Sullivan is not alone. Across Bundesliga, MLS, and elite European loan systems, five young Americans are developing the technical depth and competitive experience that could reshape the USMNT by 2030. The emergence matters because the U.S. team has long lacked depth in Europe's top divisions. These prospects suggest the pattern is shifting.
But the pipeline is fragile. Dual-national eligibilities complicate commitment. And the prospect pool is small enough that any derailment costs the national team measurably.
Development across continents
Noahkai Banks has 31 first-team appearances for FC Augsburg, starting 20 of the club's 34 Bundesliga matches. At 19, he is past prospect status—he is competing regularly in Germany's top division. In February, he earned a 7.9 rating in a full 90 minutes against Hoffenheim, contributing an assist from center back. Across five recent appearances, he averaged a 6.7 rating, ranging from 5.6 to 7.9 as he fights for consistent starts in a ninth-place team with 43 points from 34 matches.
Yet there is friction. Banks holds dual eligibility to both the USMNT and Germany, and has maintained U.S. Soccer in his Instagram bio for months without formally committing to the senior team. Germany is actively recruiting. "If Noahkai Banks had made a decision, there's a very good chance he would've been on the roster this summer," Ben Steiner of Sports Illustrated noted. The delay is costly.

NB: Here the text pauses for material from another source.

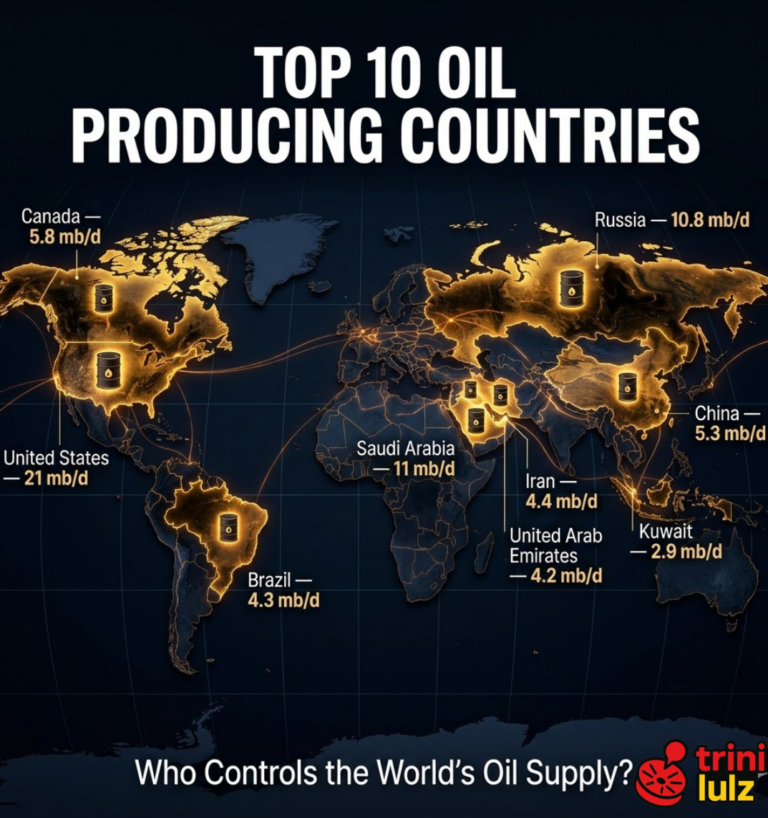 top 10 oil producing countries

J. Hall, 18, also developed through MLS at New York Red Bulls, already in his fourth season. Before age 16, New Jersey labor regulations forced him to leave matches at halftime and forbade play after 7 p.m.—a unique constraint no international peer faces. More immediately, Hall is eligible to represent Poland through his mother, and Poland has begun recruiting him. "The big question, though, is whether the USMNT can get him into the Stars and Stripes as the Polish national team, for which he is eligible through his mother, has already begun recruiting," Steiner noted.
Sullivan's path is simpler. He is progressing through MLS but his destination is secured. Ben Steiner argued that "while he's already impressed with the youth national teams, expect him to get a chance in the near future and to develop into a key piece by 2030."
Two more round out the five: Zavier Gozo at Real Salt Lake and Diego Kochen, 20, now on loan at Danish club Lyngby from Barcelona, seeking regular first-team football.
The next 18 months
Five prospects is not a deep roster. Development is nonlinear—injuries, loans, form shifts, and selection politics all intervene. More pressingly, three hold dual eligibility. The word "could" matters. None of them is guaranteed.
By 2026, Sullivan will have moved to Manchester City. Banks' USMNT commitment will likely be settled. Hall's Polish recruitment will either succeed or fail. Kochen will return from his loan. The next 18 months determine whether the USMNT can retain its emerging depth through dual eligibility, regulatory quirks, and simple randomness.